The widow of a murdered Ukrainian journalist has been awarded 100,000 euros (£68,000) in damages by the European Court of Human Rights.
Georgiy Gongadze had asked prosecutors to protect him
The headless body of the journalist, Georgiy Gongadze, was found in woods near Kiev in November 2000.
The court ruled that the Ukrainian authorities had not done enough to protect Gongadze's life, or to investigate his death.
It also concluded that police officers were probably involved in his murder.
"The court noted that recent developments in the applicant's case demonstrated with a high degree of probability that police officers were involved in the disappearance and murder of Mr Gongadze," the judgement said.
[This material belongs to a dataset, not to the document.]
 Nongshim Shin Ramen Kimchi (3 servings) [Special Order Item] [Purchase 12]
It also said his widow, Myroslava, had been subjected to degrading treatment by being deprived of information for years - including confirmation that the body was her husband's, and access to his file.
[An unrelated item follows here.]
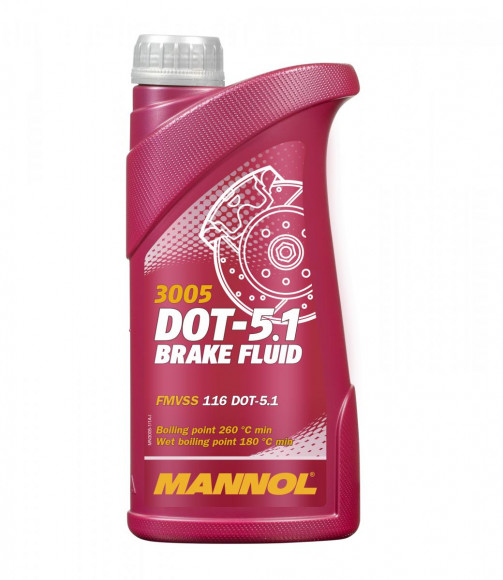 Mannol zavorna tekočina DOT-5.1, 1 l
It said her right to effective remedy had been violated, because "for more than four years, no effective criminal investigation could be considered to have been conducted".
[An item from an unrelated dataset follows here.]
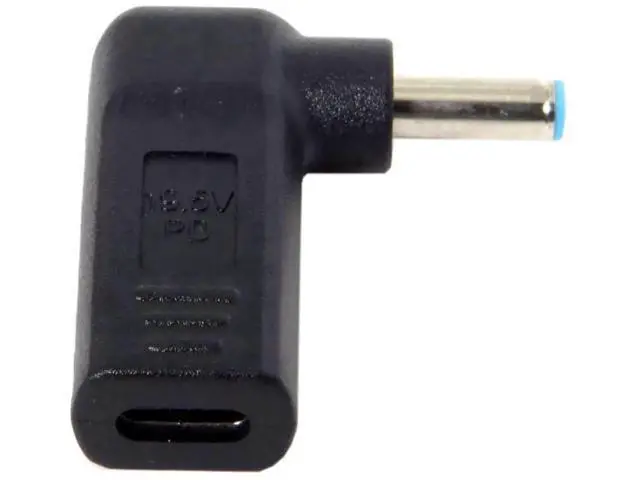 Alt view image 6 of 7 - 90 Degree Angled USB 3.1 Type-C Female to DC 4.5mmx3.0mm PD Emulator Trigger Adapter, 100W Fast Charging Converter for HP 4.5*3.0mm Barrel Jack Laptops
Ms Gongadze told the BBC Ukrainian Service that for her, the most important thing was to have set a precedent for Ukrainian citizens.
Myroslava Gongadze was given access to her husband's file in 2005
"From today, anyone who wants to defend their rights can use this experience to struggle better for themselves," she said.
In their account of the case, the seven judges pointed out:
- The voice of the then Interior Minister Yuri Kravchenko is heard in recordings allegedly made in 2000 in the office of the then President, Leonid Kuchma, saying that he knows certain people capable of threatening Gongadze
- A newspaper in January 2001 made public the names of four police officers allegedly involved in the surveillance of Gongadze
- A lieutenant-general of the interior ministry was arrested on suspicion of involvement in Gongadze's disappearance in October 2003, only to be released two weeks later
- Three police officers were arrested shortly after President Viktor Yushchenko came to power, in early 2005
- Yuri Kravchenko's "death by purported suicide" was announced in March 2005 on the day prosecutors were due to question him
The judges ruled that events "revealing the possible involvement of state officials" in Gongadze's disappearance and death were "neglected or simply denied without proper investigation for a considerable period of time".
They added: "The fact that the alleged offenders, two of them active police officers, were identified and charged with the kidnap and murder of the journalist just a few days after the change in the country's leadership, raised serious doubts as to the genuine wish of the authorities under the previous government to investigate the case thoroughly."
However, prosecutors have been widely criticised for allegedly failing to make progress with the case since the arrest of the suspects in March.
In October, President Yushchenko sacked the prosecutor general, Svyatoslav Piskun.
On Tuesday, he accused Mr Piskun of working badly, and said he had failed to deliver results in the Gongadze case and other high-profile cases.
The men arrested in March have not yet been handed over to the courts for trial.